As one may suspect, Elles: Pompidou speaks from a potently French perspective on modernism, at least through the first several decades of work on display. The exhibition boasts a breadth of perspectives in later decades that is refreshingly international in scope. As a whole, the exhibition serves to flesh out a traditionally male dominated art-historical canon.
The Pompidou installation is nicely rounded out by Elles: SAM a floor below, which includes work from both the museum’s and local collections. Here, visitors can catch work by notables such as Lee Krasner, Helen Frankenthaler, Joan Mitchell, Georgia O’Keeffe, Yayoi Kusama, and local artist Victoria Haven.
Elles: Pompidou progresses roughly chronologically, but is also arranged thematically by gallery. Each thematic “hub” has the potential to spawn an interesting exhibition apart and in and of itself. Herein lies difficulty as well: walking through the exhibition can at times be an overwhelming and fragmentary experience–one certainly not aided by sound bleed and a staggering number of TV monitors. Processing such a vast array of material as a viewer may be easiest if the show is approached as a series of smaller exhibitions or units of works in conversation with one another. Here are some gems one may encounter on a journey through the exhibition:
A kaleidoscopic and opulent mature work by Sonia Delaunay. A teeny tiny Frida Kahlo self-portrait. Yes, it is small, but it packs a visual punch. Catch it shimmering at the end of a series of black and white surrealist photographs. In “Eccentric Abstraction,” Louise Bourgeois’ phallic marble forms quietly sprout like fungi, flanked by Marie-Ange Guileminot’s hands doting tenderly on flesh colored anthropomorphic “dolls” of ambiguous gender. Shapes take form and recede like figures in a mist within a luminous triptych by Geneviève Asse.
A giant sisal and hemp hulking form by Magdalena Abakanowicz twirls slowly in the center of the “Genital Panic” gallery–at first it appears to be a crouching creature. Look a bit longer, and you’ll discover its true identity. Niki de Saint-Phalle’s awe inspiring crucified Madonna surveys the room from a high vantage point, flung on her back against the gallery wall and sprouting carnival toys and flowers from her revealed chest.
Approaching the exhibition’s curtained off video galleries, look to the right and see Atsuko Tanaka’s light bulb dress; a beautiful yet latently threatening mass of wires and cheerily colored bulbs. On screen, Andrea Fraser rails against the museum institution from behind the veneer of a Philadelphia Art Museum docent. Hannah Wilke performs a subversive striptease opposite Carolee Schneemann who frantically applys collage elements to her own skin. Enter: Mona Hatoum. Yes, really ENTER Mona Hatoum–the artist filmed her body from the inside out, and viewers are invited inside a video containing tube to participate as “foreign bodies.”
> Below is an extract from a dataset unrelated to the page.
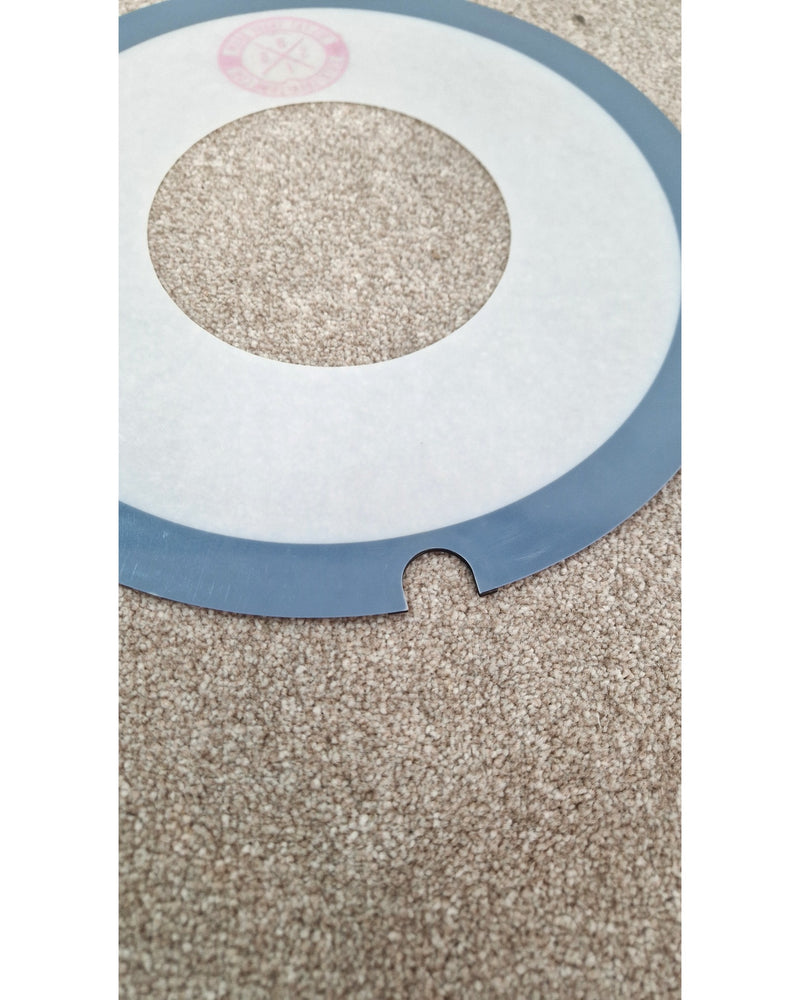 Big Fat Snare Drum Dampener - Drum Hardware - Very Good - image 7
Yes, if the Elles: Pompidou exhibition were to be looked at purely as an art historical survey, there may be some tiny chronological gaps. Yes, there may be some big, and mostly American, names missing (Judy Chicago, Kiki Smith, Kara Walker, Bridget Riley, to name several, are nowhere to be found in the Pompidou show). This should not be dwelled upon as the exhibition’s lack–rather, this more aptly illustrates the collecting habits of the Centre Pompidou. The point is that women were there, and their work was, and is, the big leagues. A rarity for Seattle to host such a talked about international show (and one not originally intended for travel), this exhibition from the Centre Pompidou is not to be missed.